In 2008 Suriname was principally a destination and transit country for men, women, and children trafficked transnationally for the purposes of commercial sexual exploitation and forced labor. It was also a source country for underage Surinamese girls, and increasingly boys, trafficked internally for sexual exploitation. Some of these children were trafficked into the sex trade surrounding gold mining camps in the country’s interior. Foreign girls and women from Guyana, Brazil, the Dominican Republic, and Colombia were trafficked into Suriname for commercial sexual exploitation; some transit Suriname en route to Europe. Chinese men are subjected to possible debt bondage in Suriname, and are subject to forced labor in supermarkets and the construction sector. Chinese women reportedly were exploited sexually in massage parlors and brothels. Haitian migrants, typically en route to French Guiana, sometimes were forced to work in Surinamese agriculture. The Government of Suriname did not fully comply with the minimum standards for the elimination of trafficking; however, it made significant efforts to do so. The government sustained a moderate level of law enforcement action against trafficking crimes, and modestly improved victim assistance and prevention efforts. However, official complicity with suspected trafficking activity is an area for concern.

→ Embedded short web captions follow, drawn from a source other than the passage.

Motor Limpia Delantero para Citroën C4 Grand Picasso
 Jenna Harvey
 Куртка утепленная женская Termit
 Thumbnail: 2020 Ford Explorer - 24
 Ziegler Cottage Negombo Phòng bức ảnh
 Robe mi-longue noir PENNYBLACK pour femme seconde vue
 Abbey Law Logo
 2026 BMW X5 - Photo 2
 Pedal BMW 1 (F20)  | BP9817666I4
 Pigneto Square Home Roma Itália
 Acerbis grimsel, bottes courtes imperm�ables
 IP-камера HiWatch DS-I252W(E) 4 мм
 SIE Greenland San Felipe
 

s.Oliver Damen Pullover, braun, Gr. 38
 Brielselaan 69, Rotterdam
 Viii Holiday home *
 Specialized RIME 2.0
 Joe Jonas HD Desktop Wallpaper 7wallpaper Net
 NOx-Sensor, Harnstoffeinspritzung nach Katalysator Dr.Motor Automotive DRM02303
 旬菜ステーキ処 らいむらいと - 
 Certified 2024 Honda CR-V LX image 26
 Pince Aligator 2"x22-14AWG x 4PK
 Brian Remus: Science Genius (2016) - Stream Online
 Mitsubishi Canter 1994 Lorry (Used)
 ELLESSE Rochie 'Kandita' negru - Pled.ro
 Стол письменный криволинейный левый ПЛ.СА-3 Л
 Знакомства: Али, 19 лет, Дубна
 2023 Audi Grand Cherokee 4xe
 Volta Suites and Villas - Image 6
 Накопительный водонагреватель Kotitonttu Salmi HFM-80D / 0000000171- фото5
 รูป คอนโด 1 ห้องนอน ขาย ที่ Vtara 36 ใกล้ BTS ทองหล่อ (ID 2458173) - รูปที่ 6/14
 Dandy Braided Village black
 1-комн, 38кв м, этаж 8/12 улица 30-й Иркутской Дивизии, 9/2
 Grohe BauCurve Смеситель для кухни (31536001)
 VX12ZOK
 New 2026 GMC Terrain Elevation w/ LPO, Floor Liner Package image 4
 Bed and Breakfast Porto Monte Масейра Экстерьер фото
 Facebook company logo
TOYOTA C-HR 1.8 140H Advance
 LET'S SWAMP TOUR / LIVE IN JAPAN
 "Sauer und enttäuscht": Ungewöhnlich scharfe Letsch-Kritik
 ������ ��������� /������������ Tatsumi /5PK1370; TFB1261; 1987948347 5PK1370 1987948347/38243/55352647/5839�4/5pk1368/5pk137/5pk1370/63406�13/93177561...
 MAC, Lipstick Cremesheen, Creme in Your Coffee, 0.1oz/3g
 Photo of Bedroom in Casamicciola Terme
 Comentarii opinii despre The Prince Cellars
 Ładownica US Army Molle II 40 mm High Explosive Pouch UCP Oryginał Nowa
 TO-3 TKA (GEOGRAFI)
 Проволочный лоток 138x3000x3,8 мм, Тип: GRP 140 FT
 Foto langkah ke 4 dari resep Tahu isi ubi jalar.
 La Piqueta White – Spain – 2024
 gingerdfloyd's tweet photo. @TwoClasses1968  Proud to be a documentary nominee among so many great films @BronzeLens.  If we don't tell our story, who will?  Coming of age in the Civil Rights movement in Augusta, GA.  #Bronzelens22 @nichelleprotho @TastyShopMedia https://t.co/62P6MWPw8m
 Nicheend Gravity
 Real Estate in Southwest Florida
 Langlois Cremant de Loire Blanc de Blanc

The U.S. State Department's Office to Monitor and Combat Trafficking in Persons placed the country in "Tier 2 Watchlist" in 2017. The country was at Tier 2 in 2023.

==Prosecution (2008)==
The Surinamese government sustained moderate anti-trafficking law enforcement efforts over the last year. Suriname prohibits all forms of human trafficking through its criminal code, prescribing punishment from five to 20 years’ imprisonment. These punishments are sufficiently stringent and commensurate with those prescribed for other grave crimes, such as rape. An interagency anti-trafficking in persons working group leads government efforts to investigate and prosecute traffickers. During the reporting period, the government convicted a defendant charged with trafficking Brazilian women into prostitution, and sentenced him to 2.5 years in prison. A trial against four brothel owners charged with trafficking women from the Dominican Republic for sexual exploitation continued. In February 2008, police arrested two brothel owners for trafficking Brazilian women into the country; these cases are pending. An anti-trafficking police unit randomly checked brothels for children as well as adults in forced or coerced conditions. Police cooperated with authorities in Guyana and the Dominican Republic on transnational trafficking cases, and sought improved cooperation with Colombia, the Netherlands Antilles, and French Guiana. There were reports that some Surinamese immigration and customs officials facilitated trafficking into the country by accepting bribes. No prosecutions of such trafficking complicity have been initiated, although investigations of these allegations continue.

==Protection (2008)==
The government made modest improvements to protect victims of trafficking during the year. Police and prosecutors relied chiefly on civil society partners, particularly a recently established NGO, the Trafficking-in-Persons Foundation, to shelter and assist victims. The government assisted these NGOs with finding safe houses to shelter victims, and worked closely with consular representatives from other countries on repatriation efforts. The government also extended services provided to domestic violence victims to trafficking victims, and widely distributed among key personnel an operations manual on how to identify and treat trafficking victims. Surinamese authorities encourage victims to assist in the investigation and prosecution of their traffickers. There were reports that some foreign victims were incarcerated and deported for immigration violations. Suriname does not provide legal alternatives to the removal of foreign victims to countries where they face hardship or retribution. The government’s anti-trafficking in persons working group is finalizing draft legislation to provide trafficking victims with temporary residency status. Suriname continued discussions with governments in neighboring Guyana, French Guiana, and Brazil on modalities for repatriating trafficking victims.

==Prevention (2008)==
The government improved prevention efforts during the reporting period. Senior officials continued to condemn and draw public attention to the problem of human trafficking in Suriname. The government’s anti-trafficking in persons working group worked with the International Organization for Migration to implement awareness-raising campaigns across the country, reaching approximately 40,000 people. Outreach activities also were directed to the nation’s border area with Guyana, where many trafficking victims enter the country. Military police, who man ports of entry in this area, were trained on identifying potential trafficking victims. The anti-trafficking in persons working group also issued widespread media warnings about potential trafficking activity after suspicious advertisements were placed in local newspapers recruiting young people to work abroad. However, no discernible government campaigns to reduce demand for commercial sex acts took place during the reporting period. Suriname has not ratified the 2000 UN TIP Protocol.